The Ministry of Ports, Shipping and Waterways is spearheading the effort, crafting a comprehensive subsidy framework to lure both international heavyweights and domestic firms. Production-linked incentives will make locally built cranes cost-competitive, mirroring successful models in other strategic sectors. This approach promises not just import substitution but also export potential in the long term.

Supporting infrastructure plays a pivotal role, building on a ₹10,000-crore investment in domestic container manufacturing. The crane scheme forms part of a broader maritime renaissance, including India's aspiration to rank among the top five global shipbuilding nations by 2047. These interconnected initiatives signal a shift towards an indigenous maritime industrial base.

Security concerns further propel the move, as over-reliance on Chinese equipment raises risks amid geopolitical tensions.

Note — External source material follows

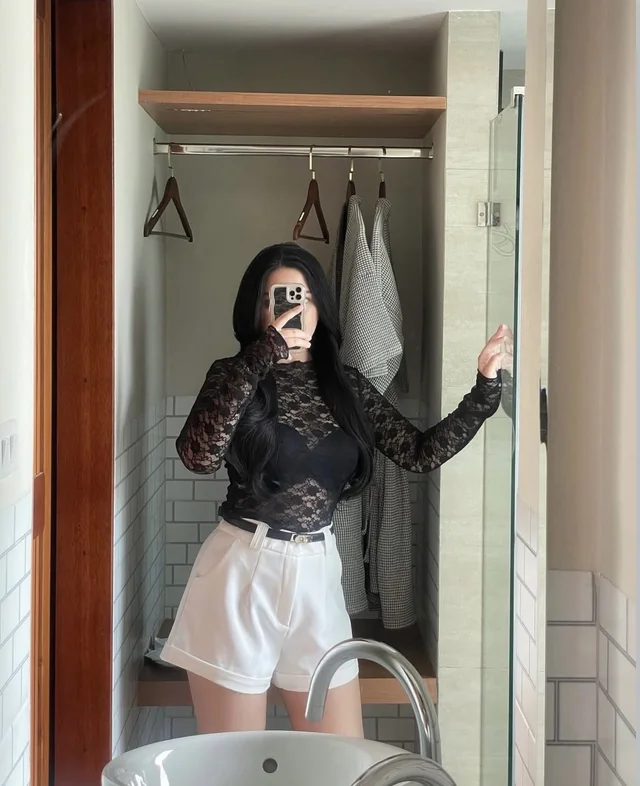 เสื้อซีทรูลายลูกไม้สีดำ  thumbnail 4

Domestic manufacturing would mitigate supply disruptions, enhance technological sovereignty, and integrate advanced features like automation and IoT for smarter ports. It also aligns with India's Atmanirbhar Bharat vision, prioritising strategic autonomy in critical infrastructure.

Private sector participation is expected to accelerate, with firms gaining from scale economies driven by mega-ports. Operators handling high volumes will prefer reliable local suppliers, reducing lead times from months to weeks. This could catalyse job creation in engineering, fabrication, and logistics, injecting vitality into coastal economies.

Challenges remain, including technology transfer and skill development to match global standards. Yet, partnerships with established players could bridge these gaps swiftly. The scheme's success hinges on sustained policy support, ensuring subsidies translate into viable enterprises rather than short-term props.

This initiative positions India as a maritime manufacturing hub, fortifying its trade gateways against external shocks. By 2035, a robust domestic crane industry could underpin the 175 million TEU target, transforming ports into engines of economic growth and strategic leverage.